B) Catholicité dans l’Espace et dans le Temps
C’est à l’Esprit Saint qu’est aussi attribuée cette universalité qui rassemble en l’Église toutes races et toutes nations, greffant toute âme sur le Christ par le baptême. Oui, par l’Esprit Saint, l’Église est vraiment « rassemblée des quatre vents » (saint Augustin) ; elle passe en quelque sorte au-dessus des frontières de nos diversités naturelles et légitimes. L’Esprit Saint ne fit-il pas ainsi dès
la Pentecôte, alors que saint Pierre parlait à la foule ? De fait, chacun l’entendait dans sa langue (Cf. Ac 2 48 ; Ac 10 44-48 : appliquer, avec mesure, au Pèlerinage).
IV L’ESPRIT SAINT, PRINCIPE D’AMOUR SANCTIFICATEUR DANS L’ÉGLISE
Puisse l’Esprit de Dieu nous aider à contempler quel amour le Christ dépose en son Église, qui est « Épouse » et « Mère » pour nous enfanter à la Vie divine !
A) Le « Cœur »
Saint Thomas écrit : « La Tête est extérieurement supérieure aux autres organes, mais le cœur exerce comme une influence cachée. Aussi, est-ce aussi au cœur qu’il faut assimiler l’Esprit Saint qui, dans le secret, vivifie et unit l’Église » (III q 8 a 1 ad 3). Ainsi l’Esprit Saint du Christ est en l’Église « principe de tout acte vital et salutaire » (Pie XII). Ne chantons-nous pas cette vérité dans le Credo, à la Messe : « Je crois au Saint-Esprit, qui est Seigneur et qui donne la Vie » ?
B) Renaître dans l’Église par le Baptême
L’Église a reçu l’Esprit Saint pour nous enfanter, comme une Mère, à la grâce. Oui, nous naissons à cette vie surnaturelle par le baptême « dans l’eau et dans l’esprit ». L’Église, à chaque baptême, est comparable à Élisabeth : « l’enfant tressaille en son sein et elle est remplie du Saint-Esprit » (Lc 1 41). Cet Esprit est donné afin que nous soyons « conformés au Christ » comme fils adoptifs très aimés de Dieu34.

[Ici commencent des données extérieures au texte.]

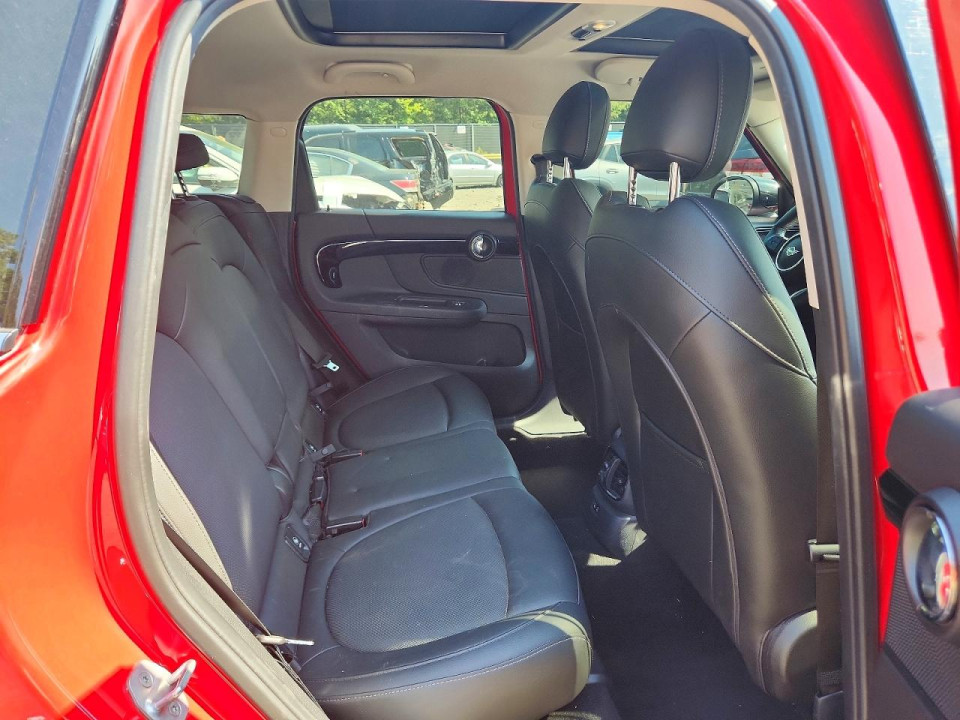 Mini COOPER 2022 — Copart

« C’est cet Esprit que le Christ nous a mérité sur la croix par l’effusion de son sang ; c’est cet Esprit qu’en soufflant sur les Apôtres il a donné à son Église pour la rémission des péchés « , écrit encore Pie XII35. Et le Pape Jean Paul II exprime avec clarté cette continuité de l’action sanctificatrice attribuée au Saint-Esprit : « La grâce de l’Esprit Saint continue à être transmise par l’ordination épiscopale. Puis, par le sacrement de l’ordre, les évêques font participer les ministres sacrés à ce don spirituel, et ils font en sorte que
tous ceux qui sont renés de l’eau et de l’Esprit en soient fortifiés, par le sacrement de la confirmation ; d’une certaine façon, la grâce de la Pentecôte est ainsi perpétuée dans l’Église »36
C) Sanctification et œuvre de conversion
Les Actes ne laissent aucun doute sur l’auteur de la conversion des Apôtres. Il faudrait tout citer, relire la scène de Pentecôte (Ac 2 14-24), évoquer les arrestations de Pierre et des apôtres (Ac 4 8-12 ; 5 29-32 : textes à lire en marchant).
Pierre – pour n’évoquer que lui -, Pierre, l’auteur du triple reniement de ce terrible Jeudi-Saint, Pierre, enfin consacré solennellement en sa charge de Prince des Apôtres, se lève désormais, comblé des dons de force et de science, pour affirmer avec puissance et calme la Vérité dans laquelle l’Esprit de Pentecôte vient de l’introduire : « Alors Pierre, rempli de l’Esprit Saint, leur répondit : chefs du peuple et anciens, sachez-le bien, vous tous » (Ac 8-10).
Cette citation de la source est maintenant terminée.